#### SOURCE INFORMATION

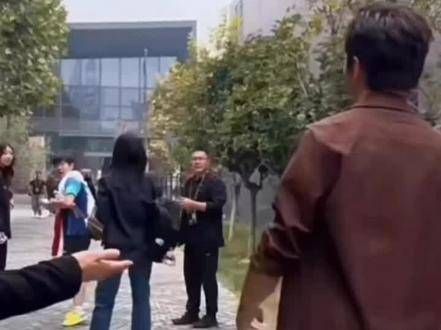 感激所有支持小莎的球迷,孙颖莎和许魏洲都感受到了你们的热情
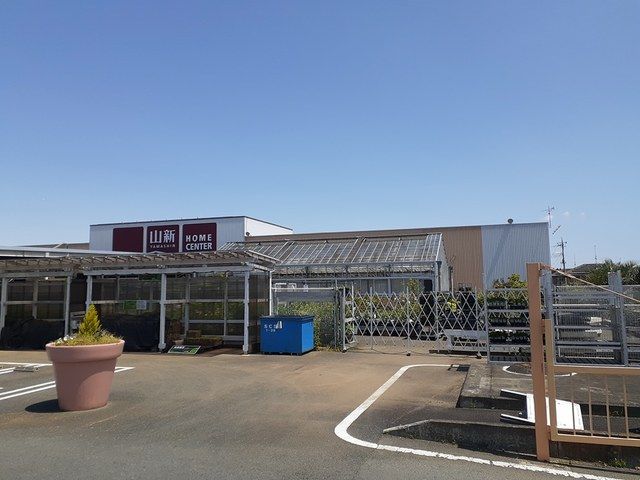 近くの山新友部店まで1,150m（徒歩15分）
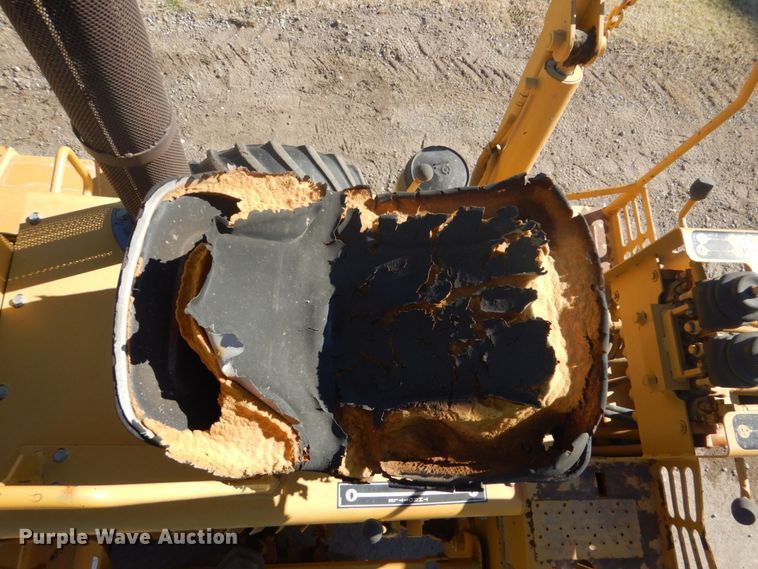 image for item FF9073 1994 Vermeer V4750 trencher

--

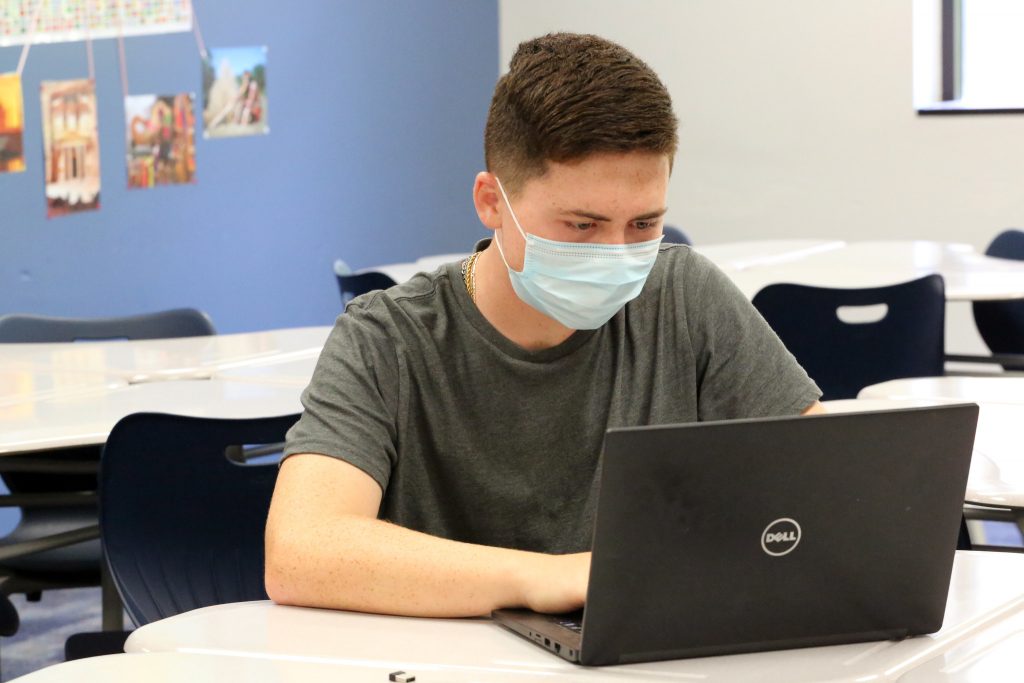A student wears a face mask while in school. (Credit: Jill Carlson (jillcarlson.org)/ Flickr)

#### ASSIGNMENT
Set down exactly the lines above, from the line containing "感激所有支持小莎的球迷,孙颖莎和许魏洲都感受到了你们的热情" through the line containing "image for item". Skip the pictures.

#### SOLUTION
 感激所有支持小莎的球迷,孙颖莎和许魏洲都感受到了你们的热情
 近くの山新友部店まで1,150m（徒歩15分）
 image for item FF9073 1994 Vermeer V4750 trencher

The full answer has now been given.